Back in the kitchen we looked at everything piled on the counter. I’d been an idiot not to go to the market every week. We had little buttons of white cheese floating in herb-speckled oil, sheaves of spinach, trout that was faintly rosy at the edges from the smoke. I thought of the bags of wet, pre-peeled carrots I ate most of the time.

“Would you believe this is the first time I got something besides pastry?” I asked her.

Kate was looking fondly at some radishes, their roots ice-white. “Are you a convert?” she asked.

I started to put the smoked trout and cheese away. “I think I am,” I called from inside the refrigerator. “What’s Evan going to do with all this?”

She didn’t answer, and so I stashed the food on a shelf in the fridge and turned to look at her. She was giving me a big smile. “We,” she said.

“ ‘We’?”

She nodded.

“I can’t cook,” I reminded her.

“Don’t worry. This is mainly assembling.”

I looked at all the food and back at her. I decided that as far as a day’s work went, making a meal might not be so bad. It all seemed terribly healthy, too. It occurred to me that my headache had been gone for a long time, possibly since the croissant. I’d have to remember that.

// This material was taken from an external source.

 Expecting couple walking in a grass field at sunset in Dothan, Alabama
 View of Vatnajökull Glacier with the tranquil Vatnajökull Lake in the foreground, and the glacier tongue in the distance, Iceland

Before we cooked I followed her to the stereo and looked over her CDs. She was into folk, it seemed, the kind of thing that relied on a good voice and an acoustic guitar. There was a shelf full of jazz and classical. As we contemplated it, me crouched next to her chair, I said, “Do you two have similar taste in music? Or are some of these Evan’s and some yours?” I thought of Liam and his wife meeting at a concert. I couldn’t tell what he would have thought of her music, but I thought he might have liked it, if only because I knew none of the names, which was frequently a positive sign.

I turned to watch Kate answer. She was looking thoughtfully at the CD cases. “It’s hard to remember,” she said slowly. “I think our taste has merged.”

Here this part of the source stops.